When You Know follows Reeves’ well-received (and Grammy-winning) contribution to George Clooney’s Good Night and Good Luck, a film based on Edward R. Murrow’s challenge to the red-baiting of Joseph McCarthy. Reeves not only provided the era-appropriate soundtrack (including impeccable versions of “Straighten Up and Fly Right” and “Who’s Minding the Store?”), but appeared in the film as a 1950s jazz singer.

“`Clooney’s` office called my office and asked if I would be interested,” she says. “I thought, ‘Wow, yeah.’ First of all, I knew the kind of things that he did. He does intelligent work, all kinds of really interesting things. I thought I was just singing on a soundtrack, and it turned out that I was actually in the film, so I didn’t realize how much I would be a part of the storytelling. But it was really a great experience.”

“He’s just down to earth, and he’s witty because he’s so intelligent. And having an aunt like Rosemary Clooney, he really understood the importance of doing it live. So I delivered the music like the actors delivered their lines.”

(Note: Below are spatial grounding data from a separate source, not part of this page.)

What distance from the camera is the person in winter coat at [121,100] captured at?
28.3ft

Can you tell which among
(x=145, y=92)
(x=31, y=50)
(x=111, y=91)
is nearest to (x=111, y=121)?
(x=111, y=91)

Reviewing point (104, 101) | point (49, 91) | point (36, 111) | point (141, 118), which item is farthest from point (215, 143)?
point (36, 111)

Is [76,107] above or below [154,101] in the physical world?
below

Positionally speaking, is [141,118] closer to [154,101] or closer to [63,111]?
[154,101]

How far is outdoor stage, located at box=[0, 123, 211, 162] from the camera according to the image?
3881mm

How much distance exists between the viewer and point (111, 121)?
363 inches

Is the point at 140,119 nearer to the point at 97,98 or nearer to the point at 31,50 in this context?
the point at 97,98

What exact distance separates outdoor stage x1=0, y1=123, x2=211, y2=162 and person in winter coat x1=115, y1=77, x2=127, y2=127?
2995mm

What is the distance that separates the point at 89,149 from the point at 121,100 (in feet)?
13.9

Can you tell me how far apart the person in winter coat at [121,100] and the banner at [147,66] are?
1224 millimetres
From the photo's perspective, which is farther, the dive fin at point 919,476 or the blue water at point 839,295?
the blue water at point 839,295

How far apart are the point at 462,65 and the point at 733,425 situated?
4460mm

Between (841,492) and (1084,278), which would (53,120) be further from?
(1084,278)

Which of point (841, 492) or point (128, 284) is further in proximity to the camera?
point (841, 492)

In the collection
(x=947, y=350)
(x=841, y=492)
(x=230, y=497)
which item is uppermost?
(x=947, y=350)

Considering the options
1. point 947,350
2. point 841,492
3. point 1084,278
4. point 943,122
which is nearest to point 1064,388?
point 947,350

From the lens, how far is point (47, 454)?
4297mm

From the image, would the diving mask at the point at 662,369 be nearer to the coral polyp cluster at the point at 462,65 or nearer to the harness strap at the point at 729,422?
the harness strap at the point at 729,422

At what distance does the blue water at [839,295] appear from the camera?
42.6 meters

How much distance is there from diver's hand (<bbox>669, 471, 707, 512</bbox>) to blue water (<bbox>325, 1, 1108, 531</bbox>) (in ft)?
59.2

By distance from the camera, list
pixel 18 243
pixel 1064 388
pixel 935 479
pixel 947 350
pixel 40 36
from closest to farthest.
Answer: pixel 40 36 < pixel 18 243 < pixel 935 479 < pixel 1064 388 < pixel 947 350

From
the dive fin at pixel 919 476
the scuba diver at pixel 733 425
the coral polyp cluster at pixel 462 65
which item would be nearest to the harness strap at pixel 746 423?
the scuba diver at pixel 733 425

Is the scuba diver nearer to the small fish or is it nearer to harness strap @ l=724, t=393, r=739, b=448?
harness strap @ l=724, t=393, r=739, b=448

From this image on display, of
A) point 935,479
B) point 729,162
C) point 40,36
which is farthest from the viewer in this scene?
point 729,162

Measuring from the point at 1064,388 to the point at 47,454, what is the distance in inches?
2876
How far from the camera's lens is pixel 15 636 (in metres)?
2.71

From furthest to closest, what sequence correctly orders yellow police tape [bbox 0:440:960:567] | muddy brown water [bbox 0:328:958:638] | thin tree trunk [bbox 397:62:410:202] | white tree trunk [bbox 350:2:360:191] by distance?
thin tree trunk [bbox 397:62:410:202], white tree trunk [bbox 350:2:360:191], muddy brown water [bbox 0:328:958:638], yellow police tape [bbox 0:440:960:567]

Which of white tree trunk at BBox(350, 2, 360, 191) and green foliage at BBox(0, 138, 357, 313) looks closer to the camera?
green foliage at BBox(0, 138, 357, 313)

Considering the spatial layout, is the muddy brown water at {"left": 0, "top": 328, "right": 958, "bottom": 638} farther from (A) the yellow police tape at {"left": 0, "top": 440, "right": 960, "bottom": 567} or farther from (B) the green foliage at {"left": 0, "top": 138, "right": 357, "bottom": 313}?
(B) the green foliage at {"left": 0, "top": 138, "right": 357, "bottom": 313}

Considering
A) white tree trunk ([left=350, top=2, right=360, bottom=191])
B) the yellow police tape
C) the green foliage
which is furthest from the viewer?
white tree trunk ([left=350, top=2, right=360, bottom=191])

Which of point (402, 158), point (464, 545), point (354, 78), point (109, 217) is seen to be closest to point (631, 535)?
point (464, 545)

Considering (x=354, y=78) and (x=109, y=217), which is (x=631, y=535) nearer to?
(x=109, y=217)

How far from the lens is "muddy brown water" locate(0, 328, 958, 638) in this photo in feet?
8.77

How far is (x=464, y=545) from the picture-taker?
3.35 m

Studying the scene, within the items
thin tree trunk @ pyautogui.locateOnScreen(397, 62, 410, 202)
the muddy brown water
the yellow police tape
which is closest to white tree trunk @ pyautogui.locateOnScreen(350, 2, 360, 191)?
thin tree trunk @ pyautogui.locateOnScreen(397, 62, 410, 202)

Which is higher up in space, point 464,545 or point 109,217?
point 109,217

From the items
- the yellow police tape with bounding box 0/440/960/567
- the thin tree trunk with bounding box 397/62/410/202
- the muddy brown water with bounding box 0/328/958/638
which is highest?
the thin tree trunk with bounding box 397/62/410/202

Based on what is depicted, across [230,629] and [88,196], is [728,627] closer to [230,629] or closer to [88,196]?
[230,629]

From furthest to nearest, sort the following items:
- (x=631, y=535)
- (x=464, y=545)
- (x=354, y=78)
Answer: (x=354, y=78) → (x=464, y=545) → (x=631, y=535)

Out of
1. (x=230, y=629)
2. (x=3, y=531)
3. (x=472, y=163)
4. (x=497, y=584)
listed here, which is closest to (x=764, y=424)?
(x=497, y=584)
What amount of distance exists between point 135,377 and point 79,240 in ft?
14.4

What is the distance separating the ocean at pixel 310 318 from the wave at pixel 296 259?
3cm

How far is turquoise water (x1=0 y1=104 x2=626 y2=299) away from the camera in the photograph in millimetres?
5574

Good Night enabled Reeves to channel the soaring elegance of Vaughan, her all-time favorite vocalist, and the singer who served as a gateway drug into the jazz-vocal canon.

“At the time that I discovered her, I was trying to discover my own voice,” she says. “I had this very broad range and was not really clear as to where to go with it. So I listened to the other singers, and their emphasis on certain things was something I would get later on, but at that moment I needed to know what you did with the instrument. And there was Sarah Vaughan, who totally understood her vocal instrument and used it in so many amazing ways that it captivated me and opened the door to possibilities. From there, I could find my way.”

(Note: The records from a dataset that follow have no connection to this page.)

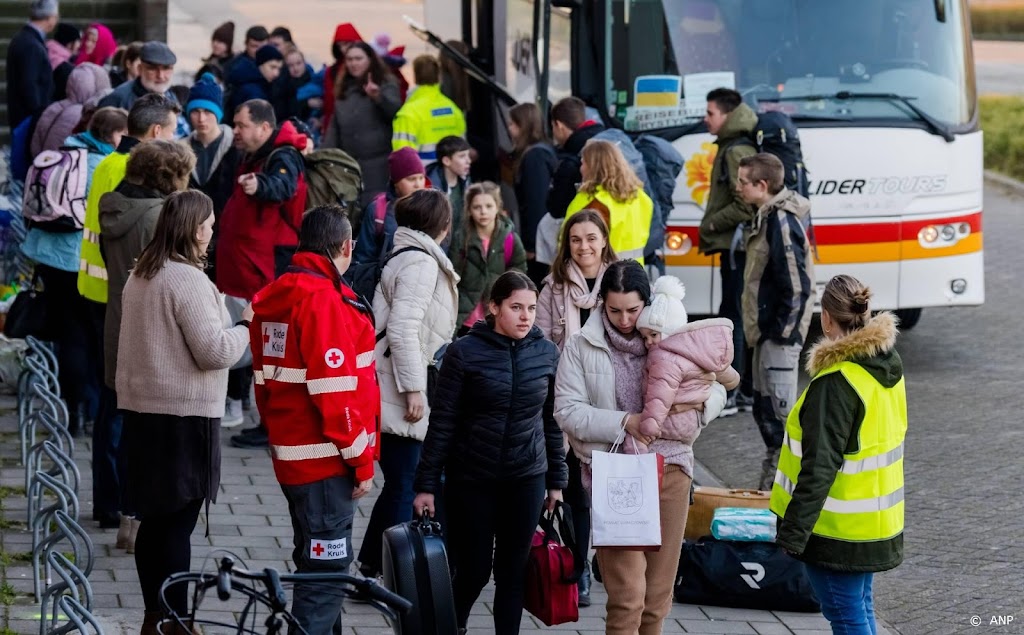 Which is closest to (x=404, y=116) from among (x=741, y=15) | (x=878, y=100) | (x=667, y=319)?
(x=741, y=15)

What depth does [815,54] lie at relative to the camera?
11070 millimetres

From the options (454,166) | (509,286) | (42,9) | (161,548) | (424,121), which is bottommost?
(161,548)

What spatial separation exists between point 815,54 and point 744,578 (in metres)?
5.31

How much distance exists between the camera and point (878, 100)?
36.2 feet

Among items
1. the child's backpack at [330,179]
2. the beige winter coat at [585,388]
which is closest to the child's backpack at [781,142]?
the child's backpack at [330,179]

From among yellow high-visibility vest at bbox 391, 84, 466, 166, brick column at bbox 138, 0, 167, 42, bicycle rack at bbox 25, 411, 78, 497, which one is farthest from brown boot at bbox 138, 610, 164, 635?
brick column at bbox 138, 0, 167, 42

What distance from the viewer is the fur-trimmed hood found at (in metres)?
5.46

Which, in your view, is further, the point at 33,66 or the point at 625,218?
the point at 33,66

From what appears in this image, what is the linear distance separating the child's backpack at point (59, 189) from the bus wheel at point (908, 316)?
699 centimetres

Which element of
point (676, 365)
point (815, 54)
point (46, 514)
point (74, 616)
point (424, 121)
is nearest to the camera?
point (74, 616)

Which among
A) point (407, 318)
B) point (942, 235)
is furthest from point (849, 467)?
point (942, 235)

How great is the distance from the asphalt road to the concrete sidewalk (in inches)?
21.7

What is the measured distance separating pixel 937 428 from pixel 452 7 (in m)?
8.89

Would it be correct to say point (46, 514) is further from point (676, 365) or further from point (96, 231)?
point (676, 365) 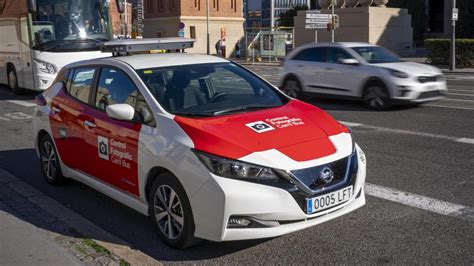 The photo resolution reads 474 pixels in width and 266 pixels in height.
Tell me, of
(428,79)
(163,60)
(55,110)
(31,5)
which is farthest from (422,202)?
(31,5)

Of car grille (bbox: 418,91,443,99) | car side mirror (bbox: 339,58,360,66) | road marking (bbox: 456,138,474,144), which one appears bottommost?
road marking (bbox: 456,138,474,144)

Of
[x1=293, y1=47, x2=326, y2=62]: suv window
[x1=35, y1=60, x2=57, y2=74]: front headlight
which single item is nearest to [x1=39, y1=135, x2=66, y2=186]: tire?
[x1=293, y1=47, x2=326, y2=62]: suv window

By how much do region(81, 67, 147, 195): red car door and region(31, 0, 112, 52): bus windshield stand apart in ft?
34.8

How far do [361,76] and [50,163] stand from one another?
8263 millimetres

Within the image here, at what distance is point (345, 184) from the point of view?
14.8ft

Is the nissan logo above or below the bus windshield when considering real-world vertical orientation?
below

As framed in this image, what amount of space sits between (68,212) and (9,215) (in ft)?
1.86

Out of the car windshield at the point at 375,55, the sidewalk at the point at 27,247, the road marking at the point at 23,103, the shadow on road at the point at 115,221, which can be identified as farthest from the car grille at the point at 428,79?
the road marking at the point at 23,103

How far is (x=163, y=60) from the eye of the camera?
561 centimetres

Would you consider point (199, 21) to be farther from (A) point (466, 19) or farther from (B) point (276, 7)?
(B) point (276, 7)

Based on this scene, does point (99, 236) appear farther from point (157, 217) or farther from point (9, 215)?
point (9, 215)

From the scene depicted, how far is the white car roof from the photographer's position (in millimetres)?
5449

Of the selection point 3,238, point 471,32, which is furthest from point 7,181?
point 471,32

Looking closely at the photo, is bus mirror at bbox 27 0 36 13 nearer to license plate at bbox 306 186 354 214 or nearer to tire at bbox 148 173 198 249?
tire at bbox 148 173 198 249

Unlike Vaughan, however, Reeves has to work in an era when the Great American Songbook is frequently reduced to a baby-boomer nostalgia exercise, a means for fading singers such as Rod Stewart and Bette Midler to revive their commercial prospects. These days, one of the biggest challenges for any interpretive jazz singer has to be finding material that hasn’t been killed by overexposure.

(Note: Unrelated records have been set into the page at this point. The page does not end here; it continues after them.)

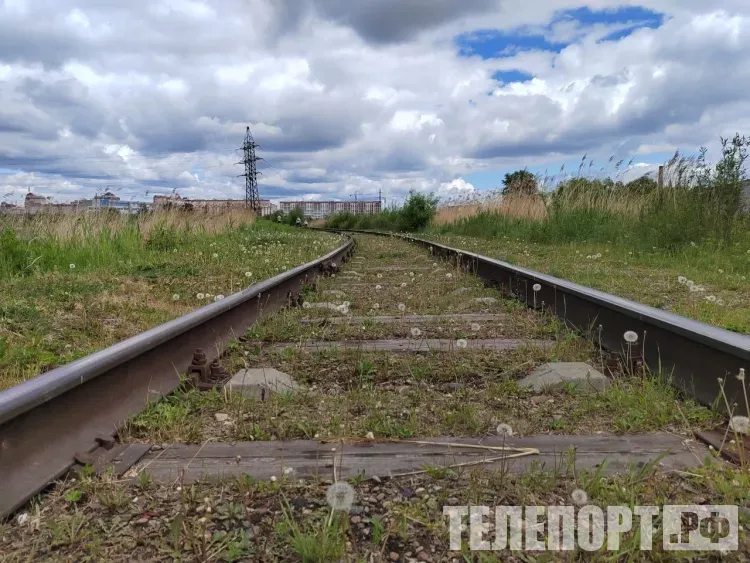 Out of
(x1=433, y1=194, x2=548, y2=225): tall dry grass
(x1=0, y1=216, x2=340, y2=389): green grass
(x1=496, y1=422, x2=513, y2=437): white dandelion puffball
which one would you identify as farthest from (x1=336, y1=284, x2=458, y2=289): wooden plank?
(x1=433, y1=194, x2=548, y2=225): tall dry grass

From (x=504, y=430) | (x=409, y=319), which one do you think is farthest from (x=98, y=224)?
(x=504, y=430)

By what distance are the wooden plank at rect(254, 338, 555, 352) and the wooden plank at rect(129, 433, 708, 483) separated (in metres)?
1.21

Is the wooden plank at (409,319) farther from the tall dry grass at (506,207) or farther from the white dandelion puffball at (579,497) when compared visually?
the tall dry grass at (506,207)

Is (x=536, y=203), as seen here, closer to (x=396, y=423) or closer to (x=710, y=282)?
(x=710, y=282)

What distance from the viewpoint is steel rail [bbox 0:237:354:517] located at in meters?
1.51

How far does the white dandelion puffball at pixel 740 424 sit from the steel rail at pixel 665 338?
0.24m

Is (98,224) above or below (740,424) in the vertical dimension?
above

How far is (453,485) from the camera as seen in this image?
1.59m

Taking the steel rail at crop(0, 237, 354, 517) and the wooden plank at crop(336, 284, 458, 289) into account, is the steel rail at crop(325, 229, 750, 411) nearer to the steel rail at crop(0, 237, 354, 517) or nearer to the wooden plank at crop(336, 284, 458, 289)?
the wooden plank at crop(336, 284, 458, 289)

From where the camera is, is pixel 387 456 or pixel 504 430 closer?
pixel 387 456

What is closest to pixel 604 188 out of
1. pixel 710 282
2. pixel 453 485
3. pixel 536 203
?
pixel 536 203

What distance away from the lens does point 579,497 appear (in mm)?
1435

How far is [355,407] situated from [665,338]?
1456mm

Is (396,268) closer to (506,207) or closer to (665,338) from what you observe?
(665,338)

“I really don’t select them based on that. There are a couple of very obscure songs on this record, but I really try to find things that speak to my heart. And I feel that I can make them different by how they’re arranged,” Reeves says. “The first thing is the lyric. Even if it’s not a strong melody, you can always make the melody sound stronger by what’s happening underneath and around it.”

Much as she emphasizes words when choosing songs, Reeves values her working relationship with cousin George Duke - When You Know’s producer - because they’ve been able to move beyond verbal communication.

“George, because he’s a musician with such vast knowledge of all kinds of things - musically, lyrically - he helps you to stay on point, he helps you to keep your focus and to make it so it goes from one place to the next and all fits together,” she says. “The thing that I love about working with him is, while we do speak in musical terms, most of the time it’s just a feeling. When you have somebody that you trust that deeply, and they trust your artistry, then you start having this other kind of speak. You don’t need words.”